Herman Witsius on the Apostle's Creed (volume II) in his remarks on "the forgiveness of sins" addresses the question of ongoing forgiveness, as does his translator. It is well worth checking out.


----------



## Contra_Mundum (Apr 28, 2016)

Perhaps the difference you are exploring is found more in the sense of the thing, than the thing itself. The God to whom we are estranged prior to our historic experience of justification is as our Judge; whereas his subsequent relation to us in Christ is as our Father.

Isn't it true that you cannot even ask initially--when you first believe--of _yourself_ for forgiveness (repenting) from the heart if it is not an effect of the Spirit's effectual calling? That pleading with God for mercy is itself a signal (though you do not yet know it) that he seeks you more than you seek him.

LBC1689 15.3, "saving repentance is an evangelical *grace*." Repentance that is not the saving-kind is "worldly sorrow producing death," 2Cor.7:10. Heb.12:17 speaks of Esau's pangs of regret that moved him to tears, which proceeded not as an effect from turning to God.

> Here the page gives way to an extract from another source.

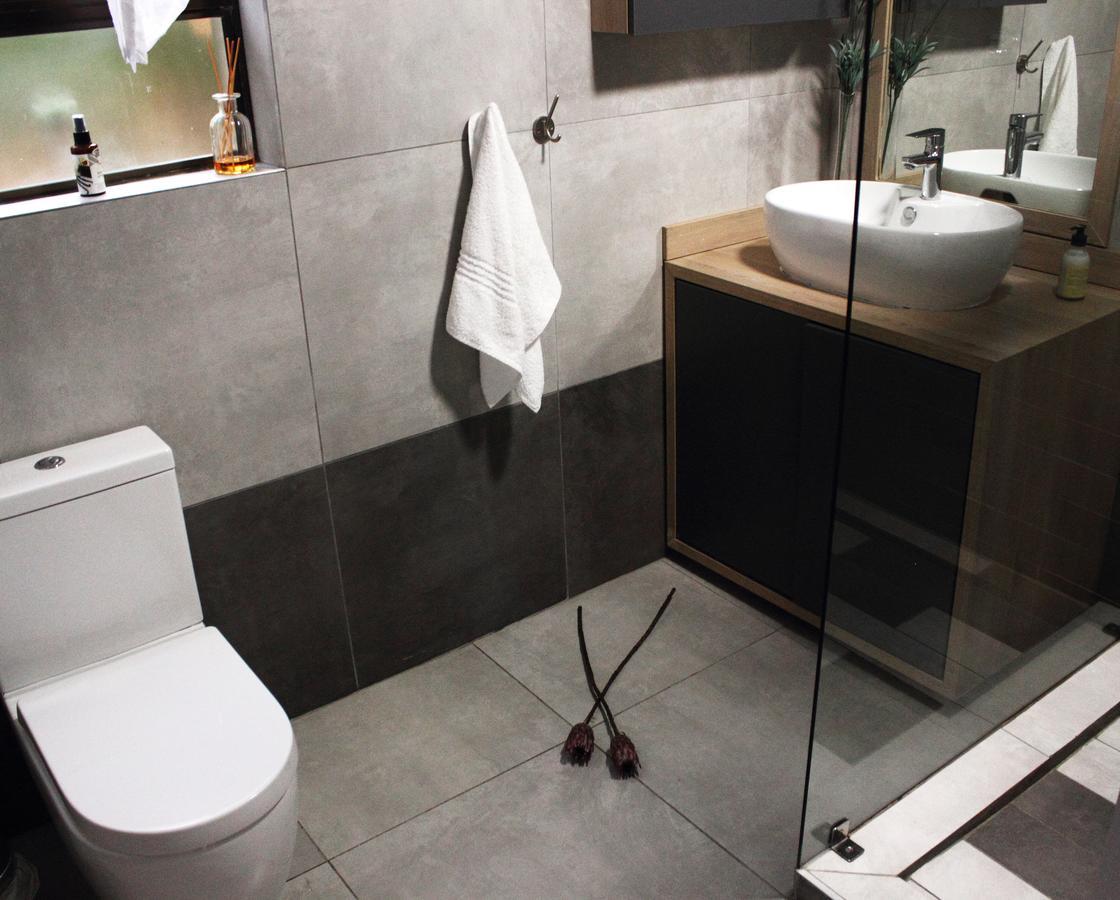 Koru Guesthouse Претория Екстериор снимка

I can't say I think initial repentance is of a different nature or kind than subsequent repentance, any more than initial faith is of a different nature or kind from that which saves until the end.

It is true that in the first turning to God from sin, there is a new sense that forgiveness _awaits_ us, when once we have been assured God is propitious toward us in Christ. But the renewal of that sense is surely of the same essence as at first; though we feel justly that we have earned our Father's displeasure.

David (Ps.51) does not plead the sacrifices of the past as somehow proving his ongoing sincerity from previous expressions. It seems we should pray, "Lord, let it be (my Savior's atonement) even for my recent evil. It would be reason enough for you to cast me off, if considered for its own demerit. But according to your mercy that was from before time, save me from my fresh guilt."


----------



## timfost (Apr 28, 2016)

Hebrews 6:1b "..repentance *from* dead works and of faith *toward* God..."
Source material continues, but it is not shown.